In putting together this book, it was necessary to overcome some scruples about doing so without the express consent of the writer. But, as we’ve seen, Bolaño himself more than once announced his intention of preparing a collection of his journalistic pieces, which provides an initial alibi for proceeding in his stead. There’s room nevertheless, for reasonable doubt as to which pieces Bolaño might or might not have decided to include, what his selection criteria might have been, and how he might have ordered the pieces. In these matters there’s no guidance to be had, so an attempt has been made to proceed as neutrally as possible, without relinquishing minimal standards of organization. There has been no “censorship,” nor were any pieces automatically ruled out (with the exception, previously noted, of those published in Catalan that couldn’t be located in the original version). Another matter are the undiscovered pieces that will doubtless surface here and there once this volume has been published. There are unlikely to be many of them. In any case, this volume isn’t defined by its zeal for exhaustiveness, particularly since it was decided at the outset not to reprint a number of very old pieces, published during the years when Bolaño lived in Mexico. To include them in this volume would have meant disrupting the notable harmony of the elements of which it is presently composed. Also, there was some hurry to get these pieces into readers’ hands. This haste was motivated by a wish that they be read while the memory of the writer was still fresh, and as I write these lines, a year has not yet passed since his death.
At the end of the volume, the source for each piece is provided, along with a few explanatory notes.

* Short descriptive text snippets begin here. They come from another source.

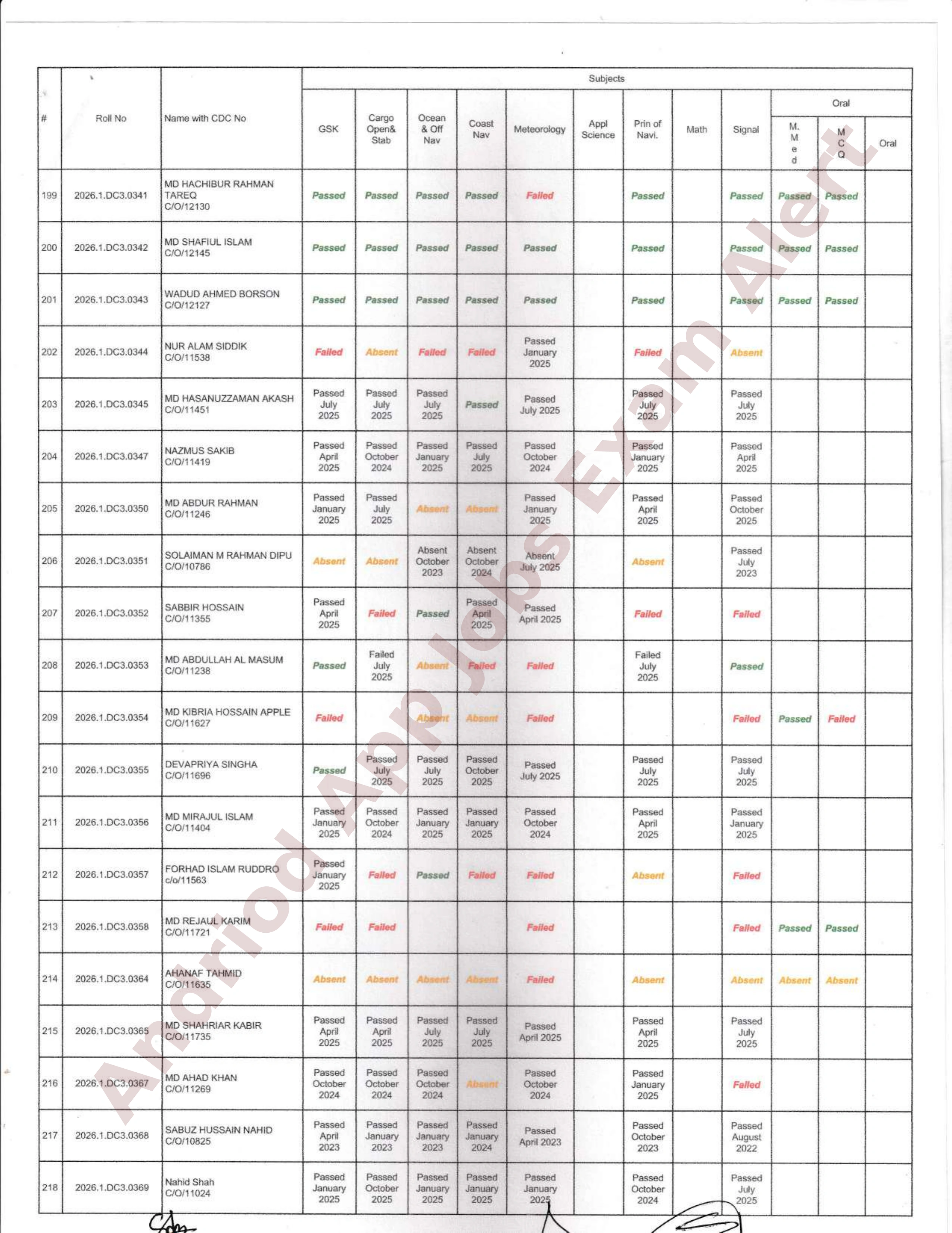 নৌপরিবহন অধিদপ্তরের ডেক অফিসার ও ফিশিং ভেসেল স্কিপার পরীক্ষার ফলাফল প্রকাশ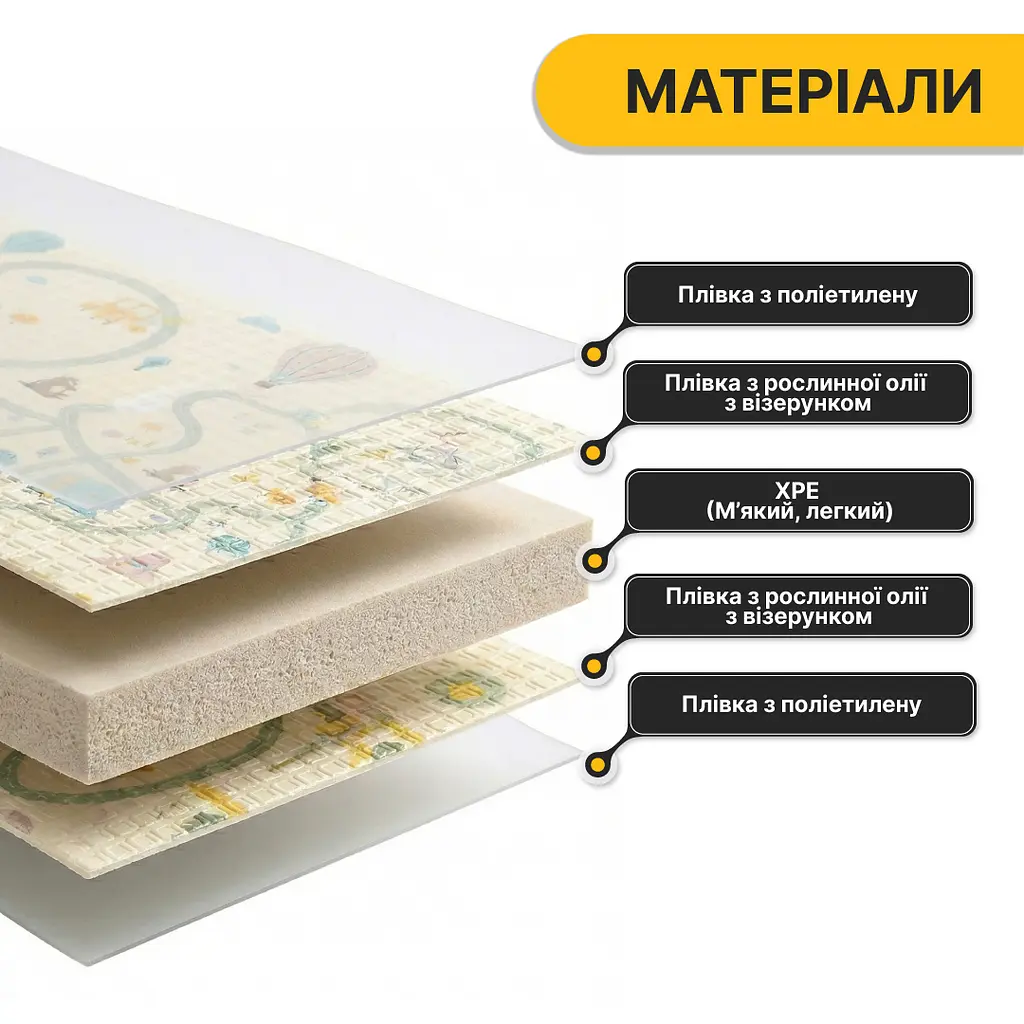 Дитячий ігровий килимок LEOBRO 150 x 200 x 1 см (LB-1021) - фото 6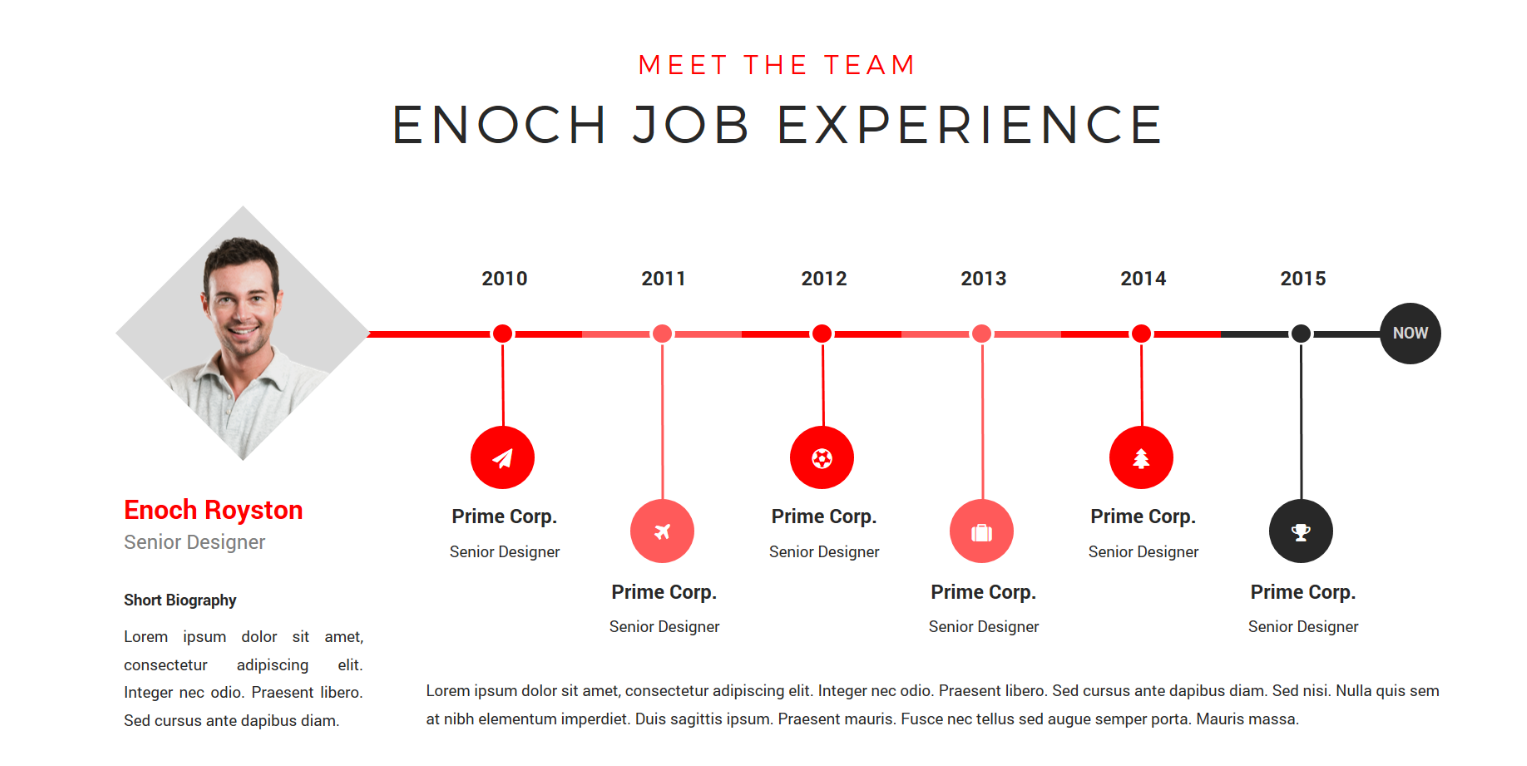 I will Give You 10 Creative Business Animated Powerpoint templates Compatible with Office 2013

It can be seen here that only in exceptional cases, when a piece is of particular interest, has it been included without definite proof of publication. Our aim has been simply to gather Bolaño’s scattered writings, not to provide a place for unpublished pieces, or to pretend to make inroads into his posthumous body of work, which is immense.
At this point, it seems unnecessary to justify our choice of title — he chose it. All of the collected pieces were written by Roberto Bolaño during pauses in his incessant creative labors, or “between parentheses,” and that urgency inevitably shines through in this volume, most of its pieces written in the course of the writer’s increasingly desperate struggle with death to finish the monumental 2666, which will surely confirm him as an utterly exceptional novelist, an essential figure.
We began by saying that this volume amounts to something like a personal cartography of Roberto Bolaño and comes closest, of everything he wrote, to being a kind of fragmented “autobiography.” That the pieces it contains are — as the author stressed — of a “basically literary” nature, doesn’t contradict this assertion. Borges boasted more about the books he’d read than the ones he’d written. In the “self-portrait” at the start of this volume, Bolaño, assiduous reader of Borges, claims to be “much happier reading than writing.”
“Criticism is the modern form of autobiography,” says Ricardo Piglia in Formas breves [Short Forms]. And he adds: “Writing fiction changes how we read, and a writer’s criticism is the secret mirror of his work.” Sergio Pitol says something similar in El arte de la fuga [The Art of Escape], a book that, like Piglia’s, bears a certain family resemblance to Between Parentheses. One might suggest other precedents for this kind of confessional writing through reading, understood as an autobiographical approach to the fiction writer, but what has been said will suffice to justify the guiding role that this book is called to play in the proper reception of Roberto Bolaño as an author whose influence in the realms of Spanish and Latin American literature has only just begun to be felt.